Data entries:
________
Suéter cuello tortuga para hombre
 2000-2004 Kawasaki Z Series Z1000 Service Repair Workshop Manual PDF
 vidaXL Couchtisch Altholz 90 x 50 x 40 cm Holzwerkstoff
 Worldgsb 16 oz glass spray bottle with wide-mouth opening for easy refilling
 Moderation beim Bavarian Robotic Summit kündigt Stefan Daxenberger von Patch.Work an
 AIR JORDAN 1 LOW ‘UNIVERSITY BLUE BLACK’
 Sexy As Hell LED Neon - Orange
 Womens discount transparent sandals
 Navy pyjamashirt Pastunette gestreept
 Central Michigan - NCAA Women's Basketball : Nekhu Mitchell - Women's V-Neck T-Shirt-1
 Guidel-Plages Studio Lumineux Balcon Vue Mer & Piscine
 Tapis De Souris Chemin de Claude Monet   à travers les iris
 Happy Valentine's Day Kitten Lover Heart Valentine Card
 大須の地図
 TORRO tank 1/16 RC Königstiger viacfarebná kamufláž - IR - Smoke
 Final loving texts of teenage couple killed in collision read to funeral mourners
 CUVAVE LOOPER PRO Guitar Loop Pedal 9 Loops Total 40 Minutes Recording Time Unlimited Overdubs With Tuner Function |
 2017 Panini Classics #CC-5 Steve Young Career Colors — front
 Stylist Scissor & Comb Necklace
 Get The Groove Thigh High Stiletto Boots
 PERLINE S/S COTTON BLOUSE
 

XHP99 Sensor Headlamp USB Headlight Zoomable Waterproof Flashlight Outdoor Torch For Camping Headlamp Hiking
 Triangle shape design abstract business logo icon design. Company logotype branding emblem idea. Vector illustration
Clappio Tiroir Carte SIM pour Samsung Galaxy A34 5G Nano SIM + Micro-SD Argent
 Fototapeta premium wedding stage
________
### Exercise instructions
Repeat all of the records, letter for letter.

### Response
Suéter cuello tortuga para hombre
 2000-2004 Kawasaki Z Series Z1000 Service Repair Workshop Manual PDF
 vidaXL Couchtisch Altholz 90 x 50 x 40 cm Holzwerkstoff
 Worldgsb 16 oz glass spray bottle with wide-mouth opening for easy refilling
 Moderation beim Bavarian Robotic Summit kündigt Stefan Daxenberger von Patch.Work an
 AIR JORDAN 1 LOW ‘UNIVERSITY BLUE BLACK’
 Sexy As Hell LED Neon - Orange
 Womens discount transparent sandals
 Navy pyjamashirt Pastunette gestreept
 Central Michigan - NCAA Women's Basketball : Nekhu Mitchell - Women's V-Neck T-Shirt-1
 Guidel-Plages Studio Lumineux Balcon Vue Mer & Piscine
 Tapis De Souris Chemin de Claude Monet   à travers les iris
 Happy Valentine's Day Kitten Lover Heart Valentine Card
 大須の地図
 TORRO tank 1/16 RC Königstiger viacfarebná kamufláž - IR - Smoke
 Final loving texts of teenage couple killed in collision read to funeral mourners
 CUVAVE LOOPER PRO Guitar Loop Pedal 9 Loops Total 40 Minutes Recording Time Unlimited Overdubs With Tuner Function |
 2017 Panini Classics #CC-5 Steve Young Career Colors — front
 Stylist Scissor & Comb Necklace
 Get The Groove Thigh High Stiletto Boots
 PERLINE S/S COTTON BLOUSE
 

XHP99 Sensor Headlamp USB Headlight Zoomable Waterproof Flashlight Outdoor Torch For Camping Headlamp Hiking
 Triangle shape design abstract business logo icon design. Company logotype branding emblem idea. Vector illustration
Clappio Tiroir Carte SIM pour Samsung Galaxy A34 5G Nano SIM + Micro-SD Argent
 Fototapeta premium wedding stage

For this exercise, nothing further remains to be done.